■ **Short descriptive text snippets**:
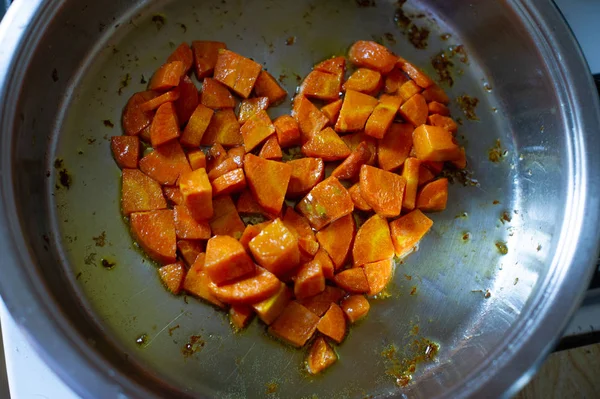 Овощи нарезаны кубиками, обжаренными на сковороде, на кухне. Морковь, обжаренная кубиками в кастрюле. Морковь — стоковое фото
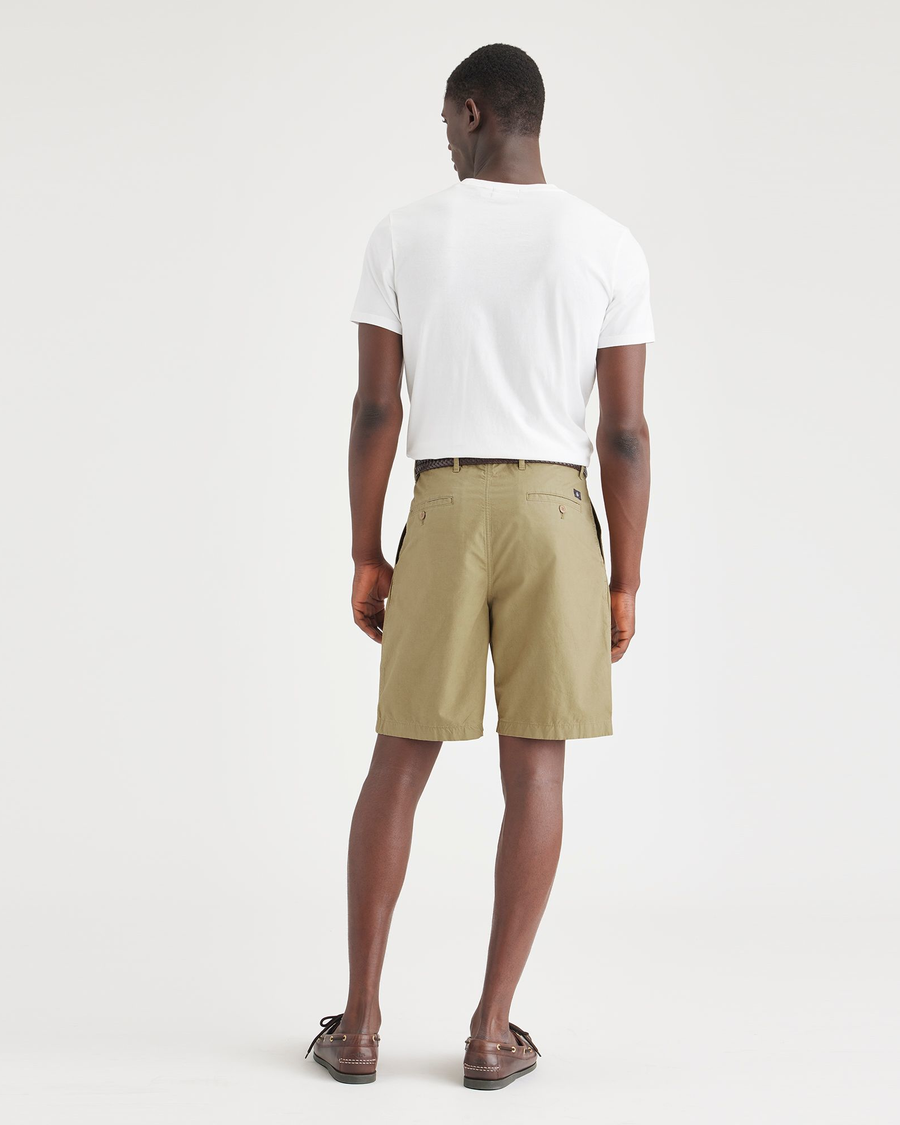 Back view of model wearing Harvest Gold Men's Classic Fit Original Pleated Shorts.
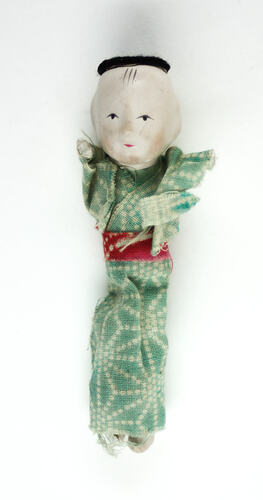 Small Japanese doll in kimono, front side.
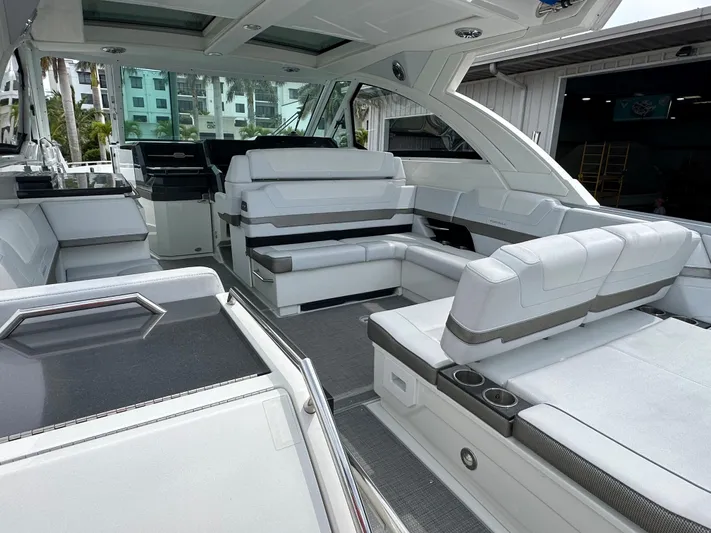  Yacht Photos Pics 2021 Formula 380 SSC luxury boat interior with white seating and modern design.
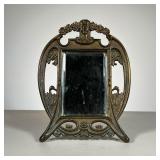 Cast Metal Mirror | Small beveled glass mirror set in cast metal frame featuring swans, flora & faun
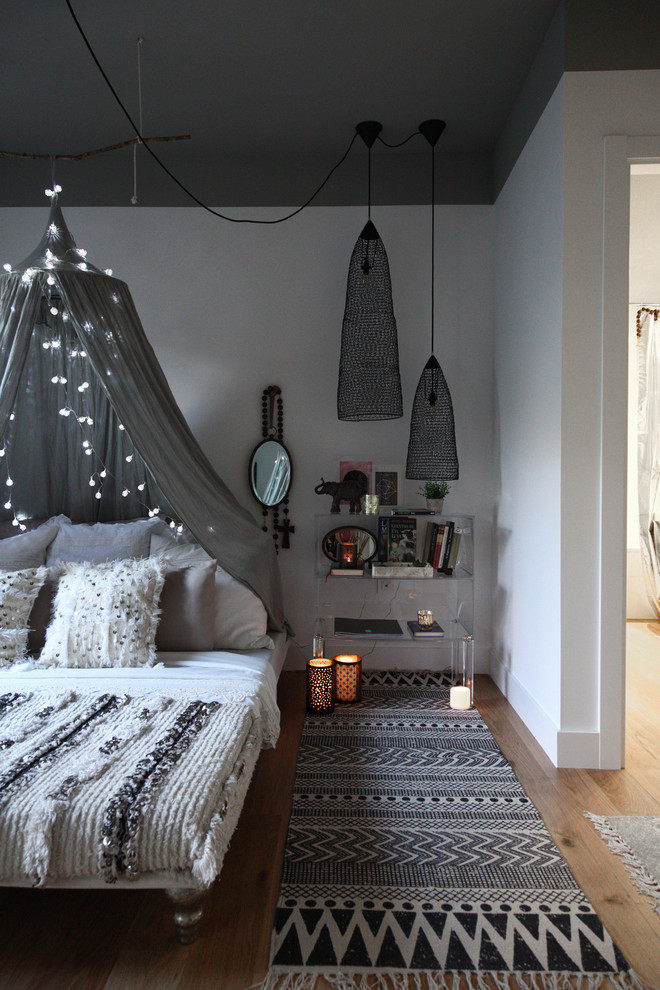 Foto de dormitorio principal nórdico de tamaño medio con paredes blancas y suelo de madera en tonos medios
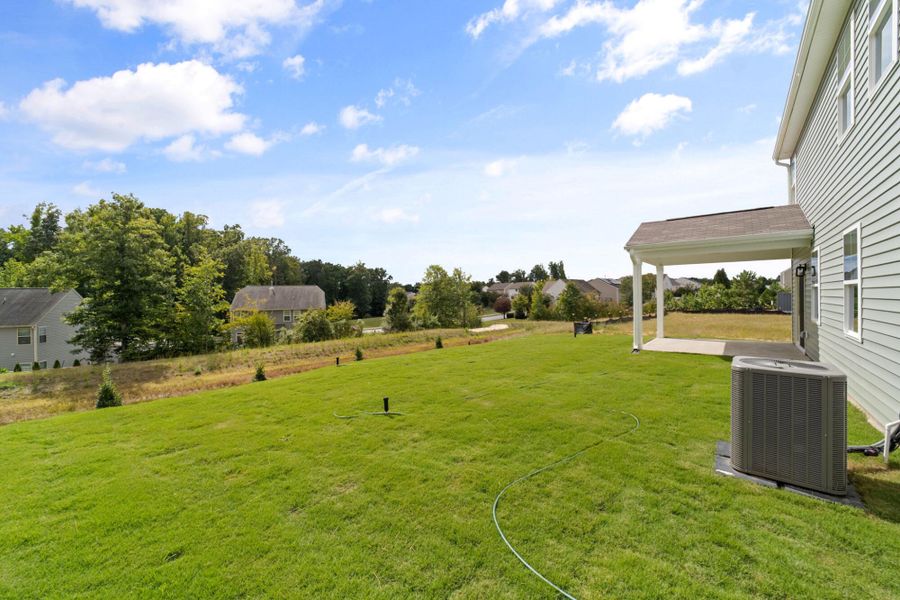 Exterior details and patio area of a home in Chandler Ridge, McLeansville (Image 2).
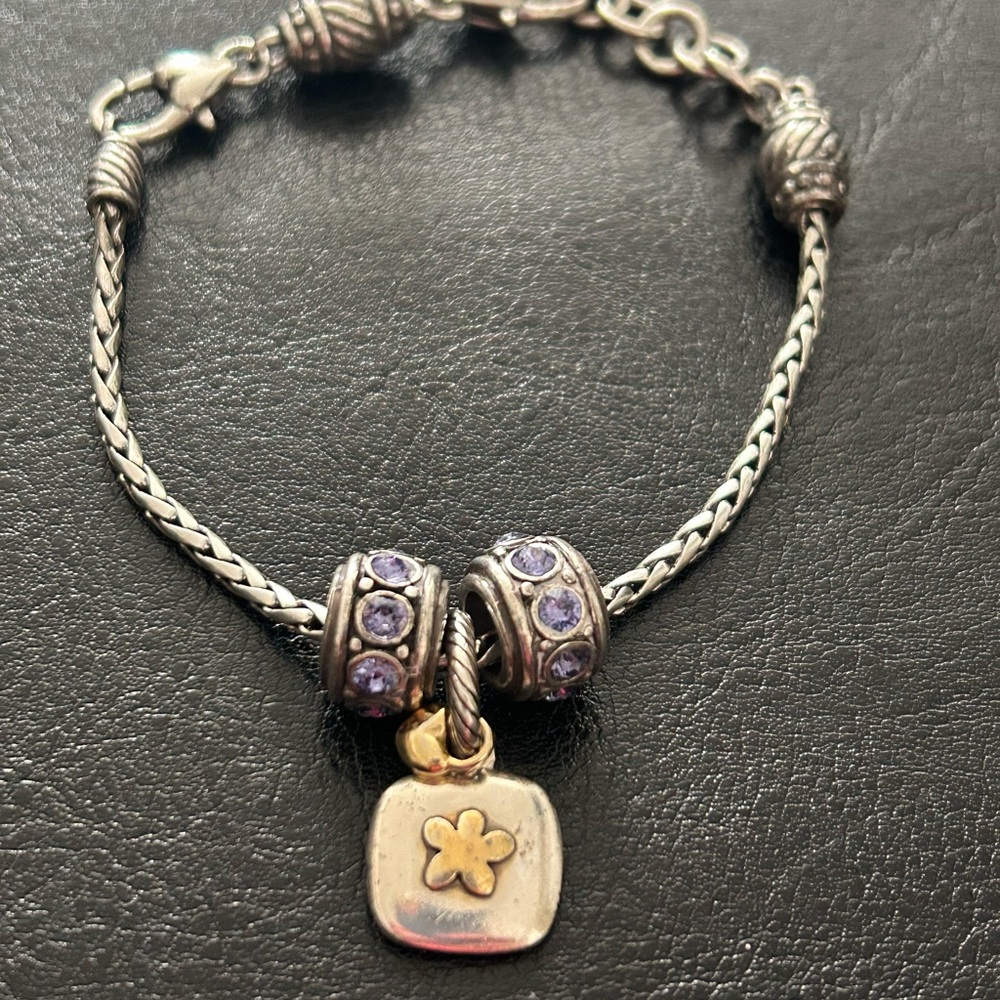 Brighton barrel slide bracelet with 3 charms. One Sister, and 2 amethyst slides.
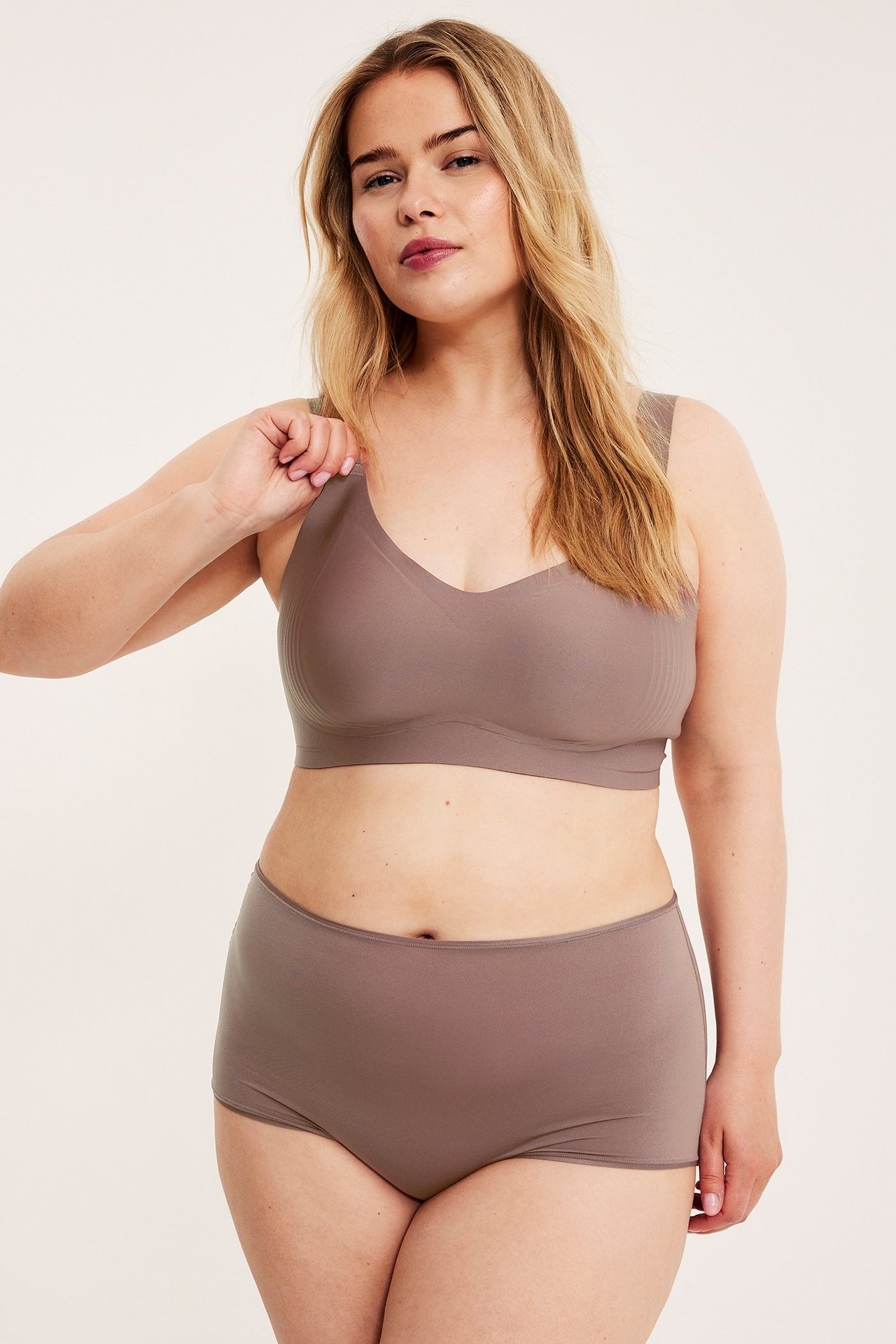 Frontvy av en kvinna i en mörkrosa bygellös mikro-bh med breda band och matchande trosa.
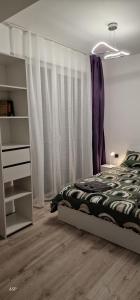 a bedroom with a bed and a window with curtains at D2 ASP - VIVO Mall in Floreşti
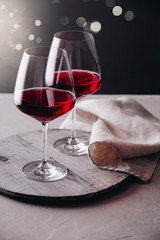 Glasses of red wine on concrete background, close up
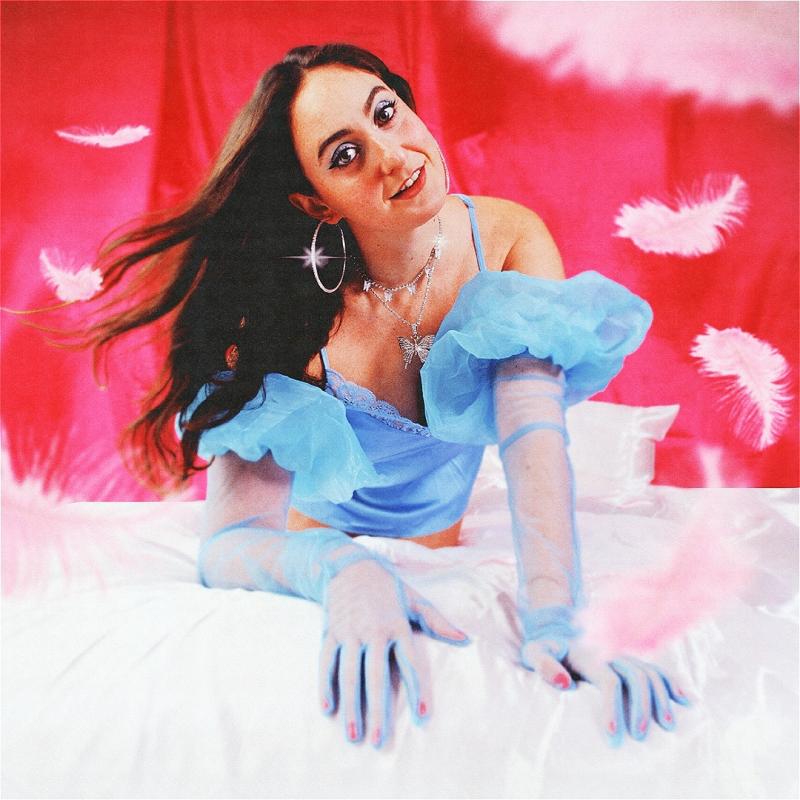 Catherine posed on a bed in a light blue dress & gloves. 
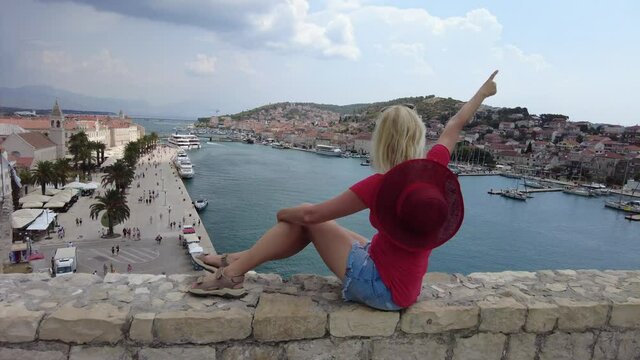 Woman on the walls of Kamerlengo castle of Croatia. Aerial view with St. Lawrence cathedral and bell tower. Trogir historic fortified city on a small island on the coast of Adriatic sea.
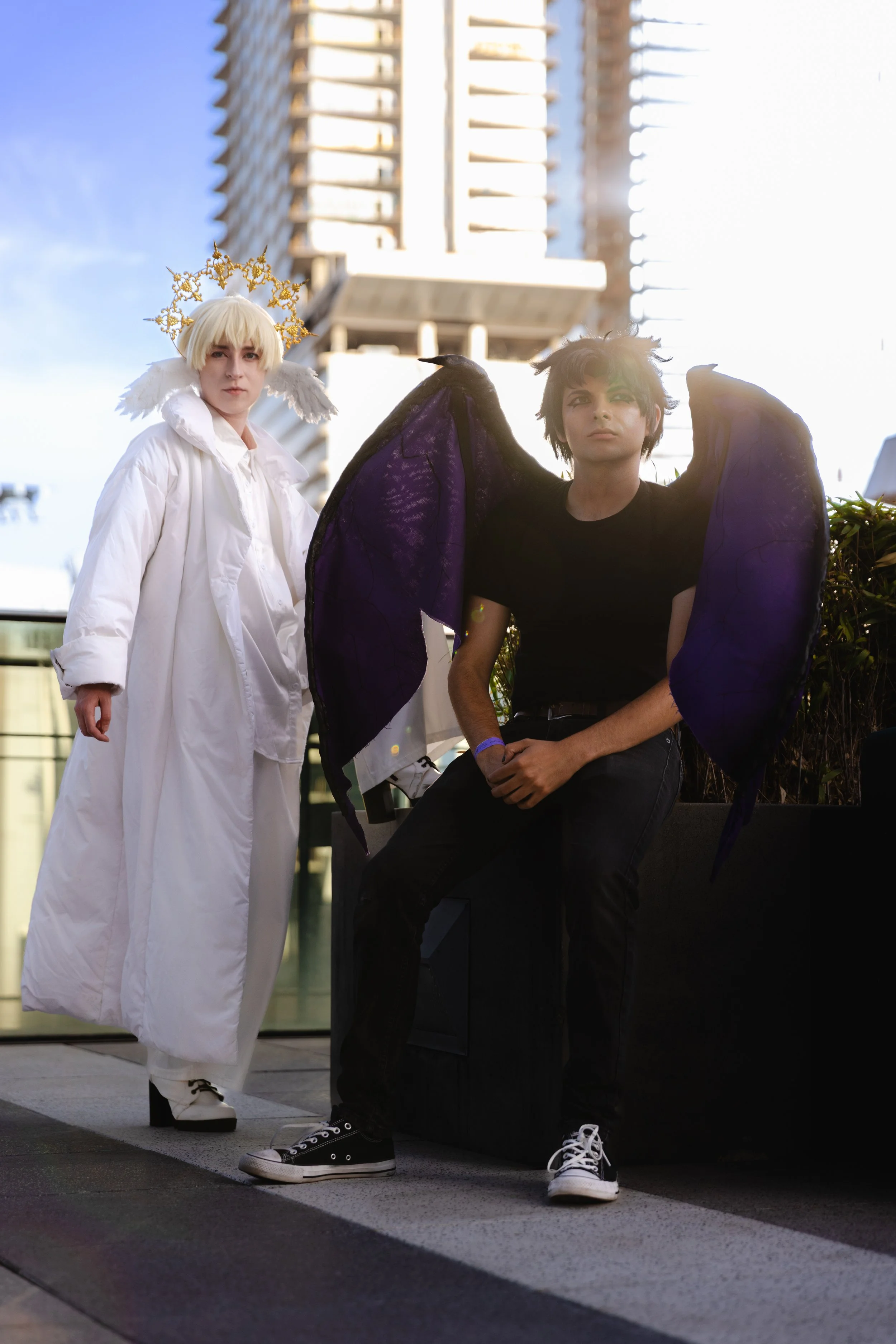 Two people in costume cosplay outdoors in front of a tall building, one dressed as an angel with a halo, white wings, and a white robe, and the other as a demon with purple wings and black clothing, both standing and sitting on a ledge.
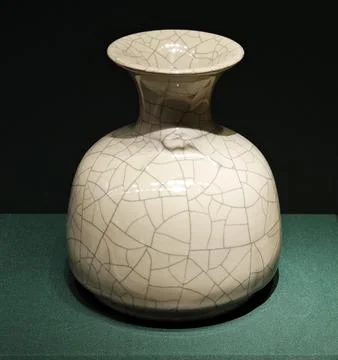 An ancient ceramic vase with cracks on the surface exhibited Stock Photos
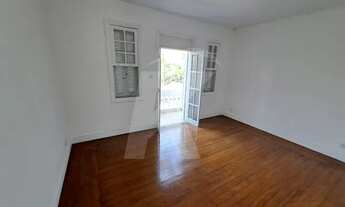 Imagem 2: Casa com 3 quartos, sala, cozinha, banheiro, área de serviço, quintal e garagem para 5 car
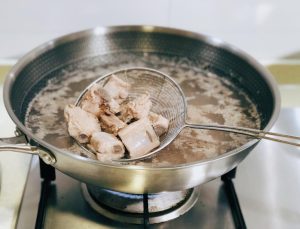 Blanch the Ribs (The "Baptism")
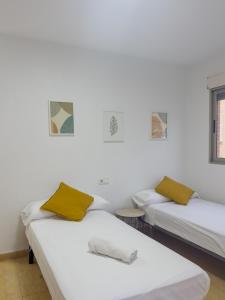 two beds with yellow pillows in a room at Apartamento San Diego 1 - Almyra Inmobiliaria in Los Alcázares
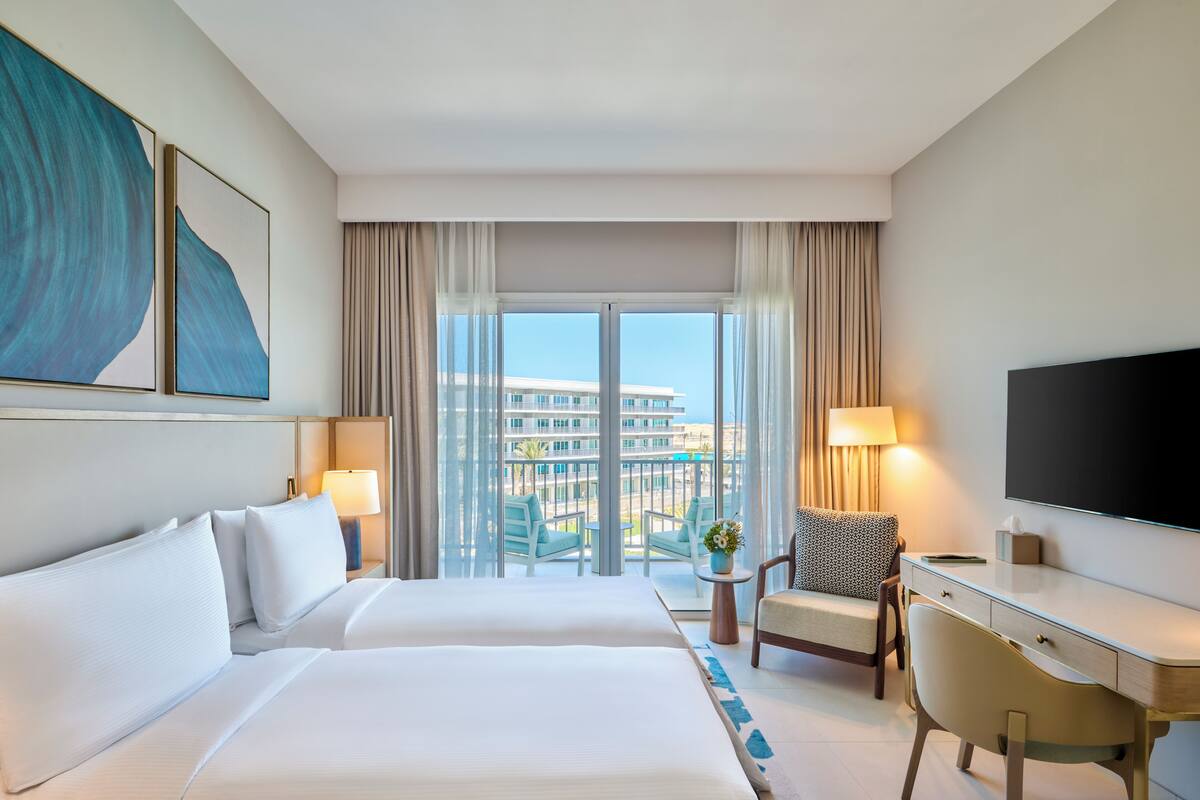 A hotel room with a large bed, a desk, a chair, a TV, and a balcony with a view of buildings.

■ **DESCRIPTION OF THE TASK**: Only the lines from the one containing "a bedroom with" through the last line of the entries above should be copied, exactly as they are and without the pictures.

■ **SOLVED PROBLEM**:
 a bedroom with a bed and a window with curtains at D2 ASP - VIVO Mall in Floreşti
 Glasses of red wine on concrete background, close up
 Catherine posed on a bed in a light blue dress & gloves. 
 Woman on the walls of Kamerlengo castle of Croatia. Aerial view with St. Lawrence cathedral and bell tower. Trogir historic fortified city on a small island on the coast of Adriatic sea.
 Two people in costume cosplay outdoors in front of a tall building, one dressed as an angel with a halo, white wings, and a white robe, and the other as a demon with purple wings and black clothing, both standing and sitting on a ledge.
 An ancient ceramic vase with cracks on the surface exhibited Stock Photos
 Imagem 2: Casa com 3 quartos, sala, cozinha, banheiro, área de serviço, quintal e garagem para 5 car
 Blanch the Ribs (The "Baptism")
 two beds with yellow pillows in a room at Apartamento San Diego 1 - Almyra Inmobiliaria in Los Alcázares
 A hotel room with a large bed, a desk, a chair, a TV, and a balcony with a view of buildings.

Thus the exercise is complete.